Slashdot Mirror


The Big Promise of 'Big Data'

snydeq writes "InfoWorld's Frank Ohlhorst discusses how virtualization, commodity hardware, and 'Big Data' tools like Hadoop are enabling IT organizations to mine vast volumes of corporate and external data — a trend fueled increasingly by companies' desire to finally unlock critical insights from thus far largely untapped data stores. 'As costs fall and companies think of new ways to correlate data, Big Data analytics will become more commonplace, perhaps providing the growth mechanism for a small company to become a large one. Consider that Google, Yahoo, and Facebook were all once small companies that leveraged their data and understanding of the relationships in that data to grow significantly. It's no accident that many of the underpinnings of Big Data came from the methods these very businesses developed. But today, these methods are widely available through Hadoop and other tools for enterprises such as yours.'"

5 of 78 comments (clear)

  1. End of Science by mysterons · · Score: 2, Informative

    Related to using Big Data in Business is Big Data in Science. Wired ran a nice series of articles looking at this (http://www.wired.com/wired/issue/16-07). This raises all sorts of problems (for example, how can results be reproduced? What if the model of the data is as complex as the data? Are all results obtained with Small Data simply artefacts of sparse counts?).

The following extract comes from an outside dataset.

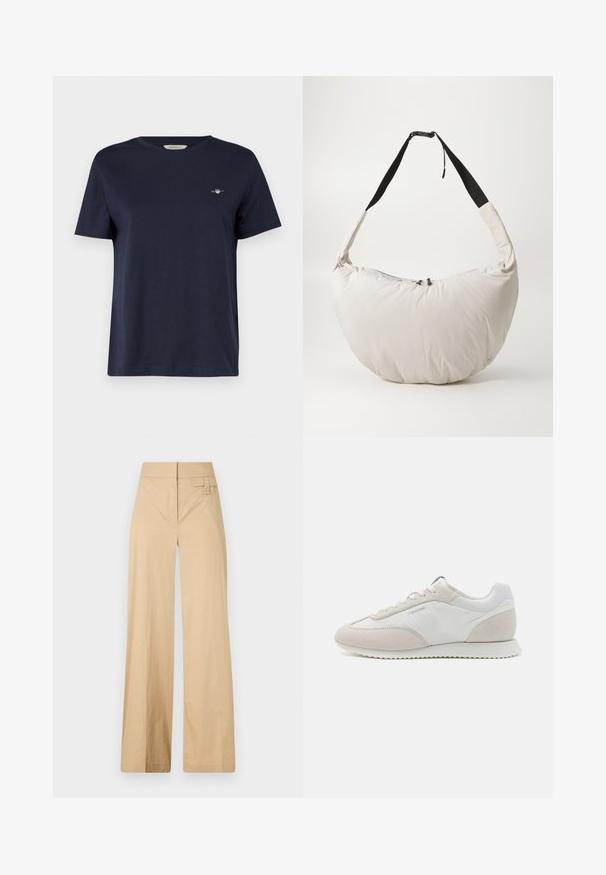 Marineblaue Baumwoll-T-Shirt mit kurzen Ärmeln, rundem Halsausschnitt, mit einem kleinen gestickten Logo auf der linken Brust. Glatte Textur.; Beige weite Hosen aus Baumwollmischgewebe. Sie haben eine glatte Textur, einen elastischen Bund und eine seitliche Knopfdetail.; Helle Sneaker aus einer Kombination von weißem Leder und beigem Wildleder, mit einer strukturierten Sohle und minimaler Markenkennzeichnung an der Seite.; Hellbeige gepolsterte Schultertasche mit einer geschwungenen, halbmondförmigen Form. Schwarzer Riemen, Reißverschlussverschluss und dezentes Logo auf der Vorderseite. Weiche Textur.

  2. Re:LiveSQL by Laxitive · · Score: 4, Informative

    There are some serious technical challenges to overcome when you think about actually implementing something like this.

    Take something like "select stddev(column) from table" - there's no way to get an incremental update on that expression given the original data state and a point mutation to one of the entries for the column. Any change cascades globally, and is hard to recompute on the fly without scanning all the values again.

    This issue is also present in queries using ordered results (as changes to a single value participating in the ordering would affect the global ordering of results for that query).

    The issue that "Big Data" presents is really the need to run -global- data analysis on extremely large datasets, utilizing data parallelism to extract performance from a cluster of machines.

    What you're suggesting (basically a functional reactive framework for querying volatile persistent data), would still involve a number of limitations over the SQL model: basically disallowing the usage of any truly global algorithm across large datasets. Tools like Hadoop get around these limitations by taking the focus away from the data model (which is what SQL excels in dealing with), and putting it on providing an expressive framework for describing distributable computations (which SQL is not so great at dealing with).

    -Laxitive

  3. Re:LiveSQL by Rakishi · · Score: 2, Informative

    Take something like "select stddev(column) from table" - there's no way to get an incremental update on that expression given the original data state and a point mutation to one of the entries for the column. Any change cascades globally, and is hard to recompute on the fly without scanning all the values again.

    Stddev is trivial to recompute on the fly and I'd be surprised if any decent sql engine didn't compute it one row at a time. Store mean(column) and mean(column^2). SD = sqrt(mean(c^2)-mean(c)^2) not considering the unbiasing stuff. Add new row value deltas to both, do some simple math and you're done.

    Now medians and quantiles are a bitch.

    Frankly complex data mining of large data is a pain in the ass on hadoop as much as anywhere else. You can't do anything too global with hadoop because then you'd need to send all your data to one box anyway. You need specialized complex algorithms since you can only keep a fraction of your data in memory at a time. Simple regression? Have fun.

    That said if you're already using hadoop it's quite possible you're using some sort of online learning algorithm anyway for just that reason so converting it to real time updating would be easy.

  4. Re:LiveSQL by BitZtream · · Score: 4, Informative

    I think that the real innovation will be a variation of SQL that allows for the persistence of queries

    Thats been done for years, materialized views, using triggers on INSERT/UPDATE/DELETE to update the views on the fly.

    Streaming results as needed is done with cursors.

    I know you think you're probably talking about something that 'materialized views and cursors don't do'. Fortunately, you're wrong and just don't understand how to use them.

    It really bothers me how people who talk about problems with SQL really have no fucking clue what they are talking about or how to work with the data in the first place.

    --
    Persistent Volume manager for Kubernetes - https://github.com/dwimsey/openshift-pvmanager
  5. Re:Big Data Need by Primitive+Pete · · Score: 2, Informative
    Mainframes and large multiprocessor machines have been handling multi-billion row data sets on RDBMS systems for a very long time. Data warehouses are commonly into the billions of rows. What commodity clusters provide is not efficiency--they often make poorer use of available cycles and repeat work to achieve goals.

    What large commodity clusters provide is a price per cycle low enough that the owner doesn't have to worry about efficiency. For example, Google's Dean and Ghemawat ("MapReduce: Simplified Data Processing on Large Clusters") managed to successfully sort 10^10 100-byte records over 891 seconds, or about 6MB sorted per processor per second. Very fast overall, but hardly efficient use of modern hardware. There's an important place for the new big dataset system, but the argument is cost, not efficiency.